В отличие от него, Сталина не устраивал столь длительный период, и он мечтал о максимально быстром достижении окончательной победы. Именно тогда он, по сути дела, впервые вышел из привычной для него тени на ярко освещенную политическую сцену и повел себя не как закулисный боец, а как стратег, который многое знал и видел то, чего не видели другие. Поэтому и проповедовал строительство социализма в одной стране в довольно резкой манере. Более того, сама идея получала у него как бы второе рождение, и он вкладывал в нее вполне определенный политический и идеологический смысл.
И если так оно и было на самом деле, то надо отметить в высшей степени то изумительное политическое чутье, которое позволяло Сталину лавировать между «освящением» новой политики партии на селе и своими собственными намерениями решительного штурма нэпа, что, в сущности, и явилось окончательным оформлением его теории построения социализма в одной стране с переходом на позиции радикального национал-социализма.
ГЛАВА ТРИНАДЦАТАЯ
Состоявшийся после партконференции III съезд Советов принял ряд важных мер «для быстрейшего укрепления и подъема всей массы крестьянских хозяйств с целью поднятия их доходности».

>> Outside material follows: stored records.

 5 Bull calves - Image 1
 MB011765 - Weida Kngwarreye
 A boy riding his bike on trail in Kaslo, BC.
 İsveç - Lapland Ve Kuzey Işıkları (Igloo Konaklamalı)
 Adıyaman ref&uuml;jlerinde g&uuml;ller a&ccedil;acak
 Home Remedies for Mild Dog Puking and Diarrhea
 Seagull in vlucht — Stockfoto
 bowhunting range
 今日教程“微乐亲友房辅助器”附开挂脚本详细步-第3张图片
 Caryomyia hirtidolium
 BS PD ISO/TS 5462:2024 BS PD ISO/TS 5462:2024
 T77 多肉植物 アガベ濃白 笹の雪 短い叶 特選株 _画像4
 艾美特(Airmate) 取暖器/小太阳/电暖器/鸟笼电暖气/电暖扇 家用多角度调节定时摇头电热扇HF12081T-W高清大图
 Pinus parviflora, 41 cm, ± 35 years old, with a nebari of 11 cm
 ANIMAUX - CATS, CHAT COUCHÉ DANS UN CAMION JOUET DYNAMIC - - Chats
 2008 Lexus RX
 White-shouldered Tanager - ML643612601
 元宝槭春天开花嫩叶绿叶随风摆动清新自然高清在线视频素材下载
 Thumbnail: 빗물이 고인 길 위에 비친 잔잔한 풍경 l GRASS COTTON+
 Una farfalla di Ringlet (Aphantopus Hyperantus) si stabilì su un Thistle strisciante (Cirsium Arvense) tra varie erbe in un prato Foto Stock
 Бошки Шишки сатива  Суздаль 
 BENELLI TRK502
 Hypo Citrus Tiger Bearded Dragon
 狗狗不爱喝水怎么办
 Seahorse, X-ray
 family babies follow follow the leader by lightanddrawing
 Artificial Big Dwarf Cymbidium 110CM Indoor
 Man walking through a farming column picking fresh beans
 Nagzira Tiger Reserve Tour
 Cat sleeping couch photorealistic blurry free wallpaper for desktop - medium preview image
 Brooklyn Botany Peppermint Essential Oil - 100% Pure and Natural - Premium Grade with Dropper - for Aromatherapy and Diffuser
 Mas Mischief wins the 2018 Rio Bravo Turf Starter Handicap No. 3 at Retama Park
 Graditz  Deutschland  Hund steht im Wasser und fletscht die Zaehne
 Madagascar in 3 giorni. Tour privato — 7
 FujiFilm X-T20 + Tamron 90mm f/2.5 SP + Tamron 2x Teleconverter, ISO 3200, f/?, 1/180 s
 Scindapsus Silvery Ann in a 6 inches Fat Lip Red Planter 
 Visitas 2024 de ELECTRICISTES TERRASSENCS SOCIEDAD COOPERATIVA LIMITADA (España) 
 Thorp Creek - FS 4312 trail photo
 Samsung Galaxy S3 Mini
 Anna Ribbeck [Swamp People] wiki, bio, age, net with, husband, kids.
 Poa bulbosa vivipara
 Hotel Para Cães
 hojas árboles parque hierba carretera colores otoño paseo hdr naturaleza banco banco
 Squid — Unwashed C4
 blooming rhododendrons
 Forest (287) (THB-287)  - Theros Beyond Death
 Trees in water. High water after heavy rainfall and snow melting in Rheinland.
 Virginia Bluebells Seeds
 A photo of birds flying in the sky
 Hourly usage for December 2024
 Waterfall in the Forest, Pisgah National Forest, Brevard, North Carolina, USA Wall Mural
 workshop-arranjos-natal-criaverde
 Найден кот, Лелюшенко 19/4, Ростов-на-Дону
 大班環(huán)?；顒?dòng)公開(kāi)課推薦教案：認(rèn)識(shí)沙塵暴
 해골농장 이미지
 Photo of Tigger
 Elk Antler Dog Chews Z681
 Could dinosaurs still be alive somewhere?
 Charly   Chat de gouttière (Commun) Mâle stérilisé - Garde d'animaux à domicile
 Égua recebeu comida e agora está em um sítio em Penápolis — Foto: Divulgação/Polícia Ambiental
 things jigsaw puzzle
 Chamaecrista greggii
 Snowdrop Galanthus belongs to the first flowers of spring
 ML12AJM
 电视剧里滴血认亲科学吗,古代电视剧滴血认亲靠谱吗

Дело оставалось за малым: за претворением всего начертанного в жизнь, что оказалось весьма проблематичным в рамках той партийной и хозяйственной бюрократической системы, в рамках которой должен был строиться социализм. Несмотря на то что после состоявшихся в начале года перевыборов в Советы и некоторого оживления крестьян доля коммунистов в сельсоветах значительно упала, а влияние кулаков и «антисоветских элементов» усилилось, лидеры партии увидели в них первую ласточку в сторону поворота «лицом к деревне».
Положение осложнялось еще и тем, что не очень многие партийные и советские руководители понимали, как надо сочетать свободный рынок с тоталитарным государственным строем. И вся беда большевиков заключалась в том, что та концепция кооперации, которую они выработали весной 1925 года, была изначально обречена на неудачу. По той простой причине, что в своей установке на кооперацию они исходили из противоречащих друг другу целевых установок. С одной стороны, их усилия были направлены на перевод средств зажиточных крестьян на «социалистические рельсы», с другой — они хотели использовать кооперативы «в качестве средства проведения государственной социальной политики», с помощью которой собирались поддерживать бедняков.
Идея Бухарина о «кооперативных ступенях», которые должны были разрешить эти противоречия и согласно которой колхозы были задуманы для бедняков, потребительские кооперативы — для середняков, а кредитные кооперативы — для зажиточных крестьян, оказалась изначально нежизнеспособной. И не случайно известный экономист В.П. Данилов назвал замысел Бухарина данью «схоластике, возникшей из восторга перед абстрактно-логическими конструкциями».